Data extract:
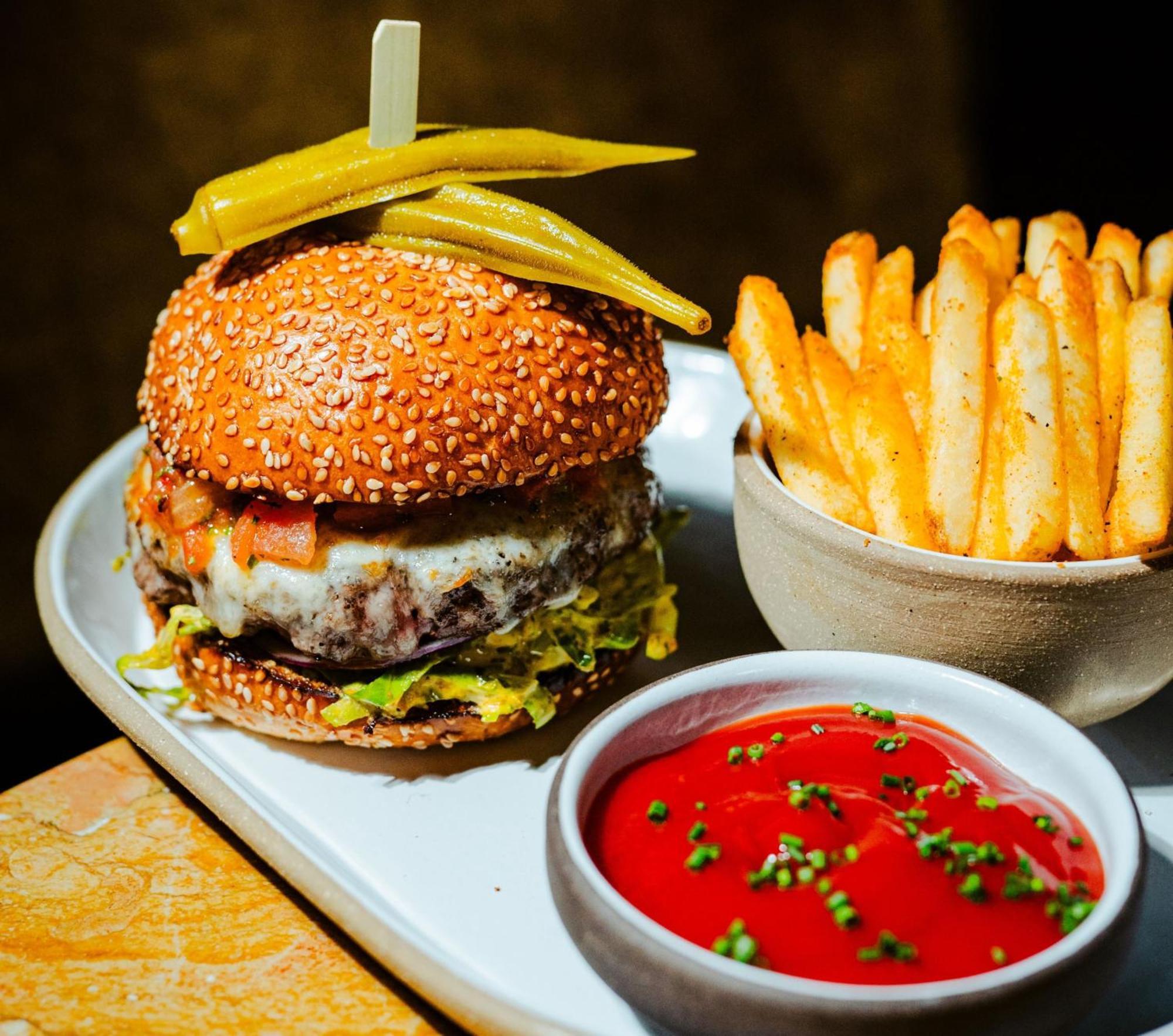 ยอร์ส ทรูลี ดีซี Hotel วอชิงตัน ภายนอก รูปภาพ A burger with chips and ketchup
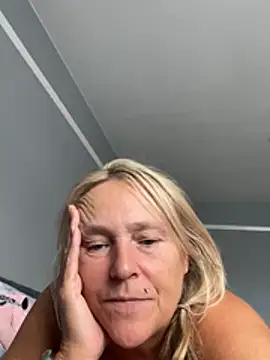 Blondnboujee53 live sex cam
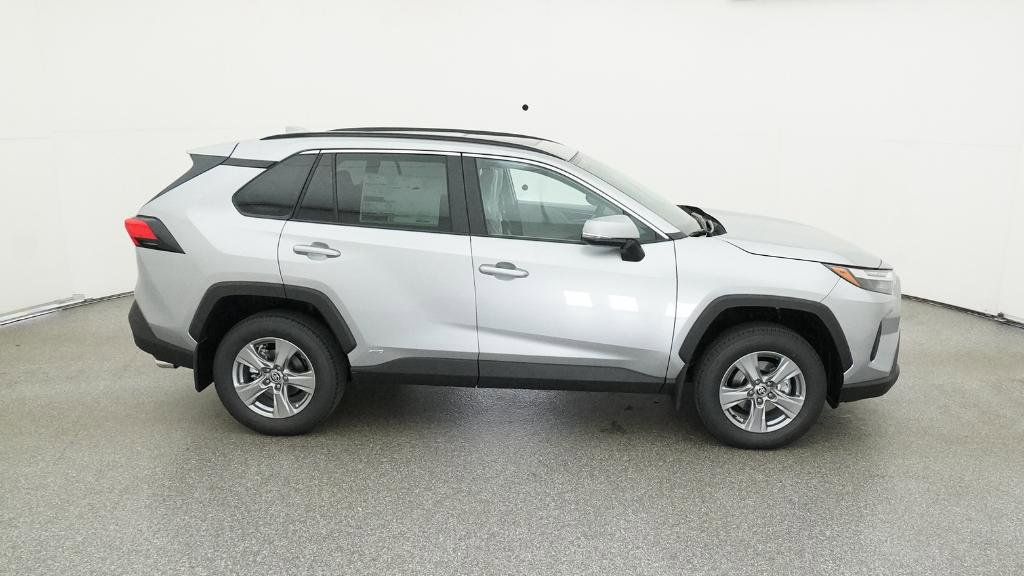 Thumbnail: 2025 Toyota RAV4 - 11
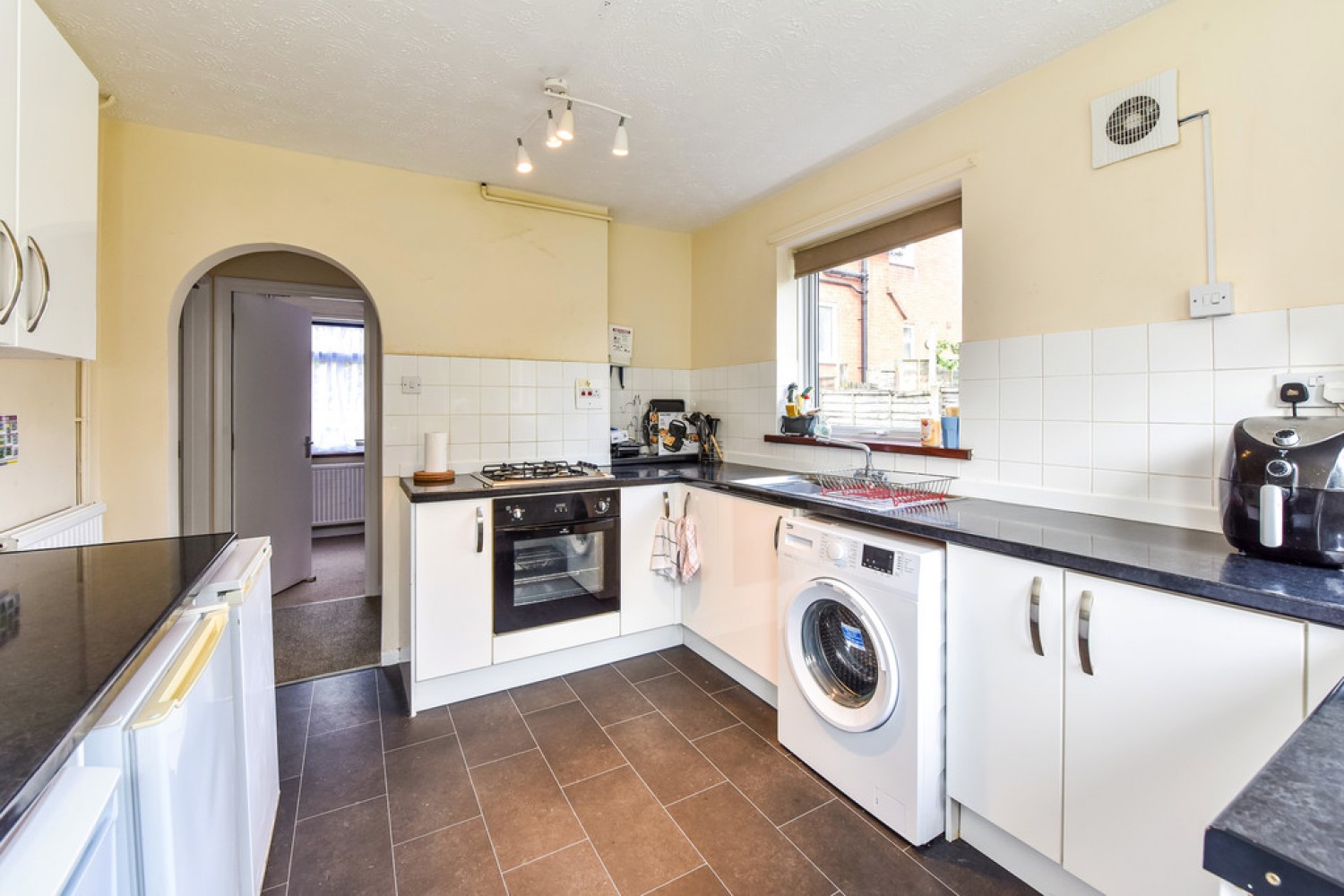 4 bedroom House in Kingsley Place, Winchester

What you are asked to do: Reproduce every line above exactly, pictures excluded.

Finished task:
 ยอร์ส ทรูลี ดีซี Hotel วอชิงตัน ภายนอก รูปภาพ A burger with chips and ketchup
 Blondnboujee53 live sex cam
 Thumbnail: 2025 Toyota RAV4 - 11
 4 bedroom House in Kingsley Place, Winchester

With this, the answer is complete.